There are two main designs for aetiological surveys — the case-control study, sometimes known as a case-referent study, and the cohort study. In a case- control study a group of individuals affected by the disease in question is compared with a control group of unaffected individuals. Information is obtained, usually in a retrospective way, about the frequency in each group of the various environmental or personal factors which might be associated with the disease. This type of survey is convenient in the study of rare conditions which would appear too seldom in a random population sample. By starting with a group of affected individuals one is effectively taking a much higher sampling fraction of the cases than of the controls. The method is appropriate also when the classification by disease is simple (particularly for a dichotomous classifica­tion into the presence or absence of a specific condition), but in which many possible aetiological factors have to be studied. A further advantage of the method is that, by means of the retrospective enquiry, the relevant information can be obtained comparatively quickly.

In a cohort study a population of individuals, selected usually by geograph­ical or occupational criteria rather than on medical grounds, is studied either by complete enumeration or by a representative sample. The population is classified by the factor or factors of interest and followed prospectively in time so that the rates of occurrence of various manifestations of disease can be observed and related to the classifications by aetiological factors. The prospective nature of the cohort study means that it will normally extend longer in time than the case- control study and is likely to be administratively more complex. The correspond­ing advantages are that many medical conditions can be studied simultaneously and that direct information is obtained about the health of each subject through an interval of time.

Case-control and cohort studies are often called, respectively, retrospective and prospective studies. These latter terms are usually appropriate, but the nomenclature may occasionally be misleading since a cohort study may be based entirely on retrospective records. For example, if medical records are available of workers in a certain factory for the past 30 years, a cohort study may relate to workers employed 30 years ago and be based on records of their health in the succeeding 30 years. Such a study is sometimes called a historical prospective study.

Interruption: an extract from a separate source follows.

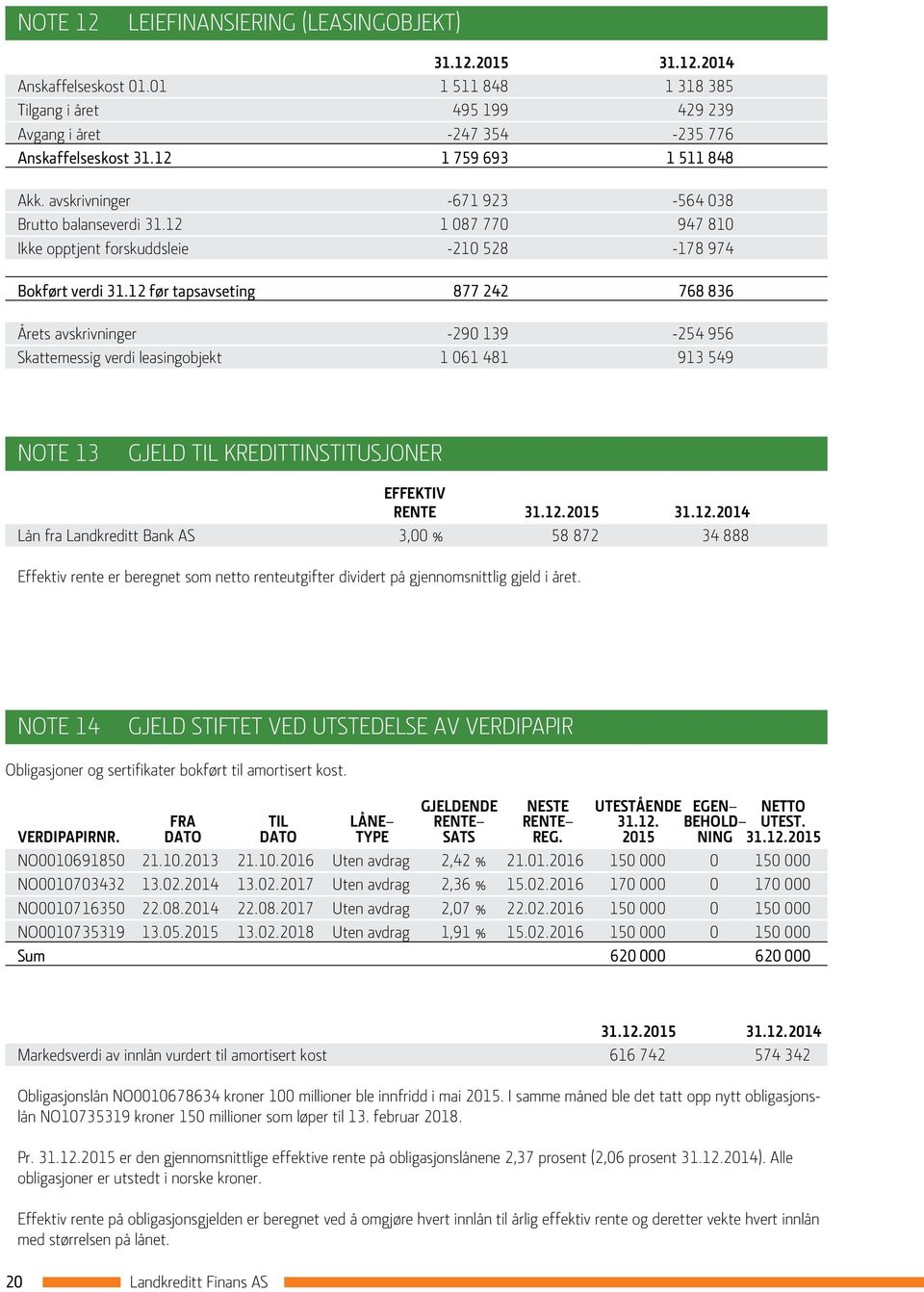 12 før tapsavseting 877 242 768 836 Årets avskrivninger -290 139-254 956 Skattemessig verdi leasingobjekt 1 061 481 913 549 NOTE 13 GJELD TIL KREDITTINSTITUSJONER EFFEKTIV RENTE 31.12.2015 31.12.2014 Lån fra Landkreditt Bank AS 3,00 % 58 872 34 888 Effektiv rente er beregnet som netto renteutgifter dividert på gjennomsnittlig gjeld i året.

A central problem in a case-control study is the method by which the controls are chosen. Ideally, they should be on average similar to the cases in all respects except in the medical condition under study and in associated aetiological factors. Cases will often be selected from one or more hospitals and will then share the characteristics of the population using those hospitals, such as social and environmental conditions or ethnic features. It will usually be desirable to select the control group from the same area or areas, perhaps even from the same hospitals, but suffering from quite different illnesses unlikely to share the same aetiological factors. Further, the frequencies with which various factors are found will usually vary with age and sex. Comparisons between the case and control groups must, therefore, take account of any differences there may be in the age and sex distributions of the two groups. Such adjustments are commonly avoided by arranging that each affected individual is paired with a control individual who is deliberately chosen to be of the same age and sex and to share any other demographic features which may be thought to be similarly relevant.

The remarks made in §19.2 about non-sampling errors, particularly those about non-response, are also relevant in aetiological surveys. Non-responses are always a potential danger and every attempt should be made to reduce them to as low a proportion as possible.